> **AIM OF THE EXERCISE**:
Repeat, word for word and with nothing added, each line from the one containing "N SCALE BACHMANN" to the final line of the data, keeping both ends. Pictures are not part of the copy.

> **INFORMATION SUPPLIED**:
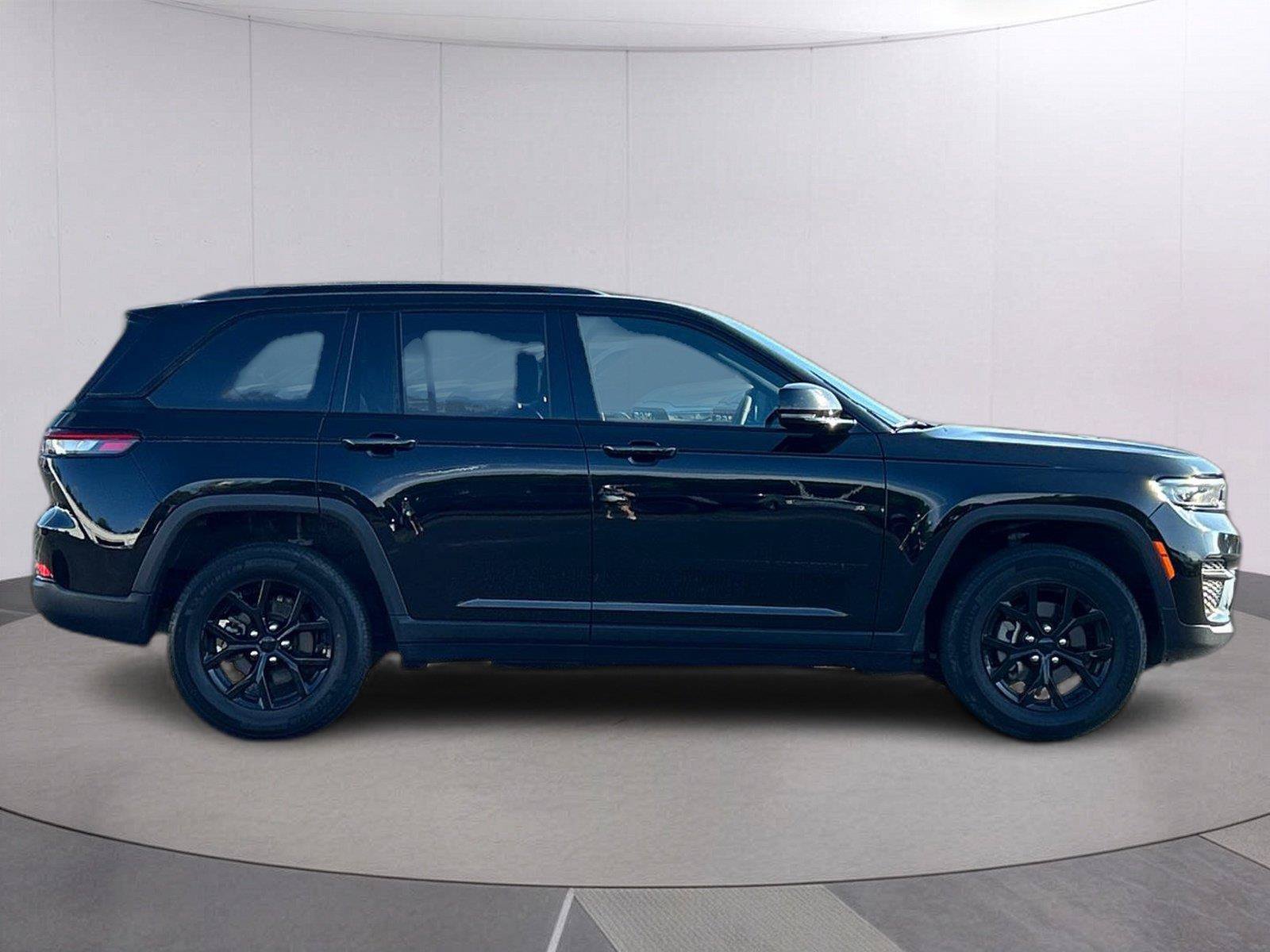 Used 2024 Jeep Grand Cherokee Altitude AWD/4WD image 8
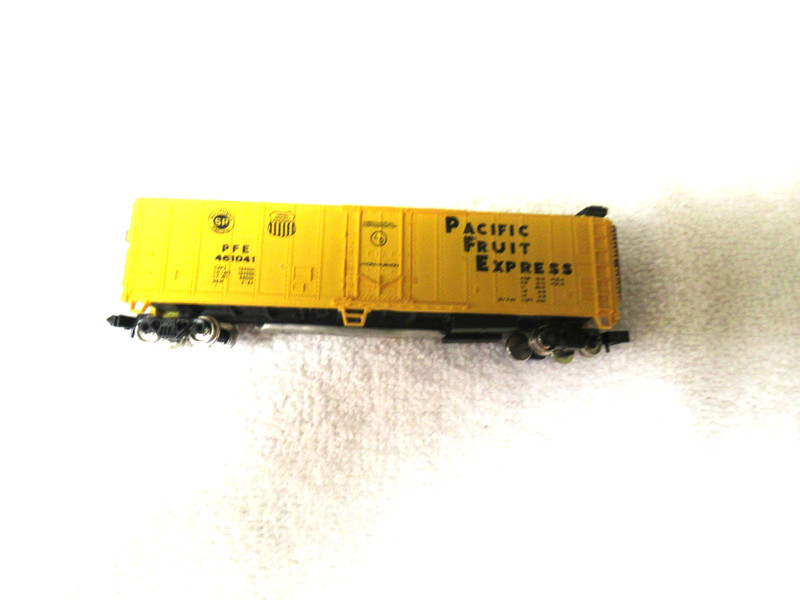 N SCALE BACHMANN PACIFIC FRUIT EXPRESS PFE 451041 MECHANICAL STEEL REFER CHINA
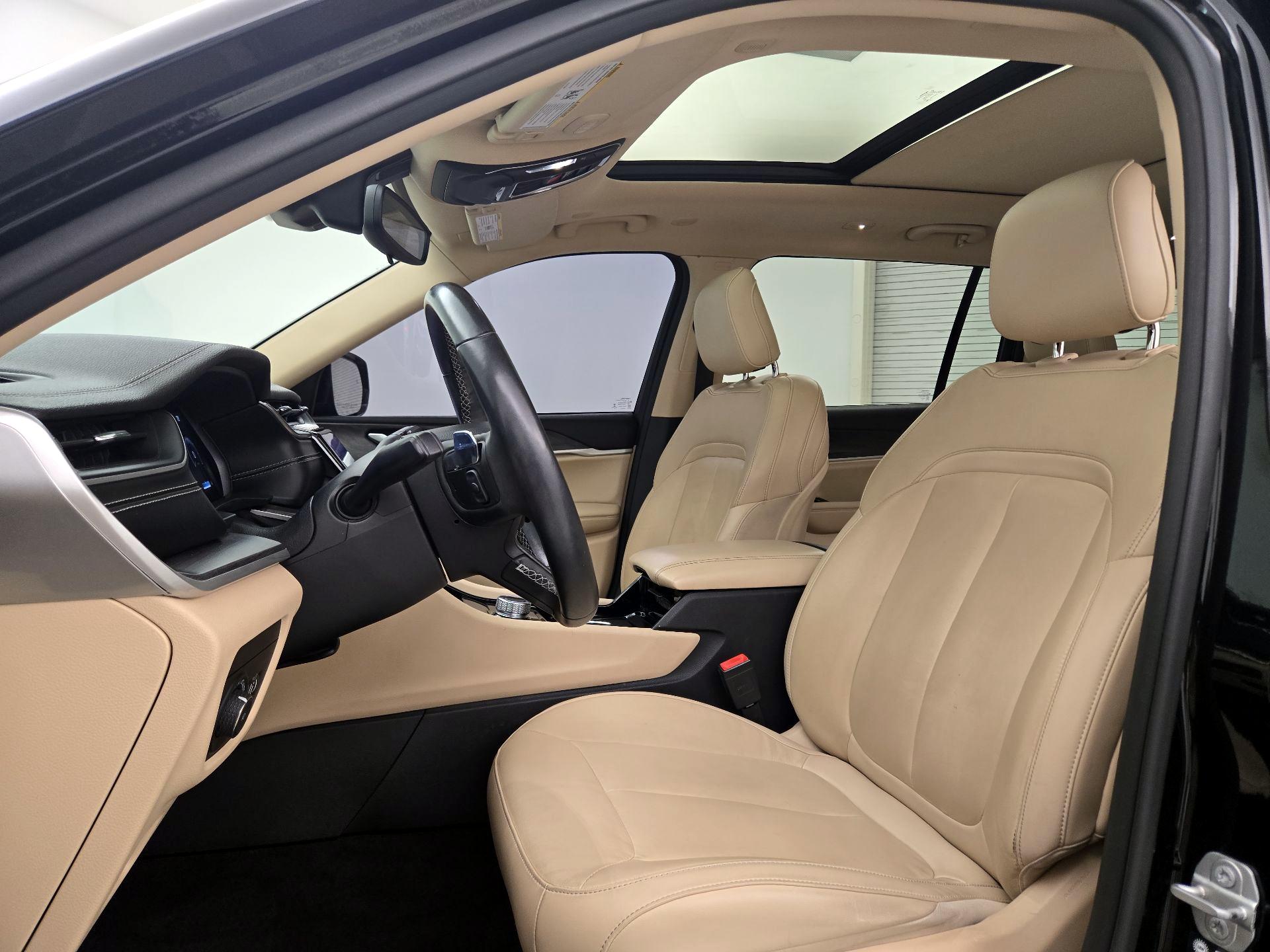 Thumbnail: 2021 Jeep Grand Cherokee L - 11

> **ANSWER FOR THE TASK**:
 N SCALE BACHMANN PACIFIC FRUIT EXPRESS PFE 451041 MECHANICAL STEEL REFER CHINA
 Thumbnail: 2021 Jeep Grand Cherokee L - 11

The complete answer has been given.